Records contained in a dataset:

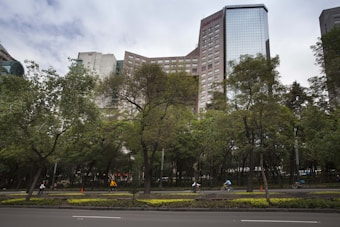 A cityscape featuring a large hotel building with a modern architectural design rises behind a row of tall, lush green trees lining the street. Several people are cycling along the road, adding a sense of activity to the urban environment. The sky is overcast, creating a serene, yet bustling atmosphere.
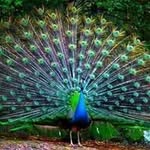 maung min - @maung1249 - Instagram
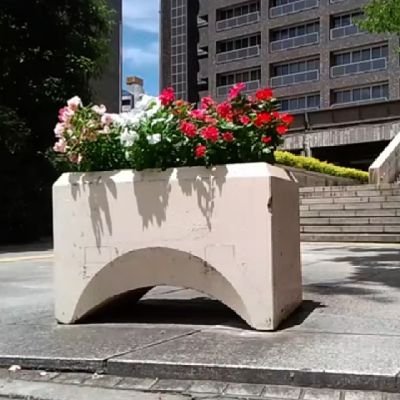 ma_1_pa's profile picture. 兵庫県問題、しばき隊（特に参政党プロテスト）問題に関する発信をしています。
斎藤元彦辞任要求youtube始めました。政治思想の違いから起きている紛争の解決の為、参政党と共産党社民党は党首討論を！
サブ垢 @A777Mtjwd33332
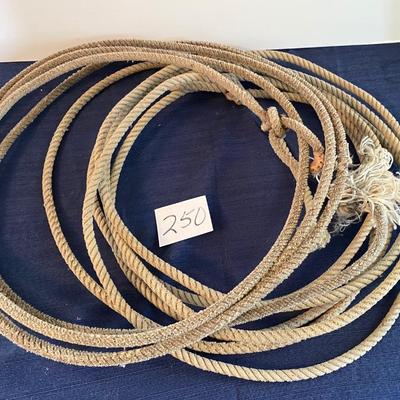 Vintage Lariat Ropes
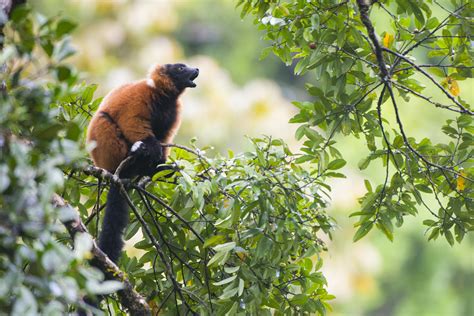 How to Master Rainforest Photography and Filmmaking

### Activity
Each record above should be returned unchanged, except that the pictures are dropped.

### Response below
 A cityscape featuring a large hotel building with a modern architectural design rises behind a row of tall, lush green trees lining the street. Several people are cycling along the road, adding a sense of activity to the urban environment. The sky is overcast, creating a serene, yet bustling atmosphere.
 maung min - @maung1249 - Instagram
 ma_1_pa's profile picture. 兵庫県問題、しばき隊（特に参政党プロテスト）問題に関する発信をしています。
斎藤元彦辞任要求youtube始めました。政治思想の違いから起きている紛争の解決の為、参政党と共産党社民党は党首討論を！
サブ垢 @A777Mtjwd33332
 Vintage Lariat Ropes
 How to Master Rainforest Photography and Filmmaking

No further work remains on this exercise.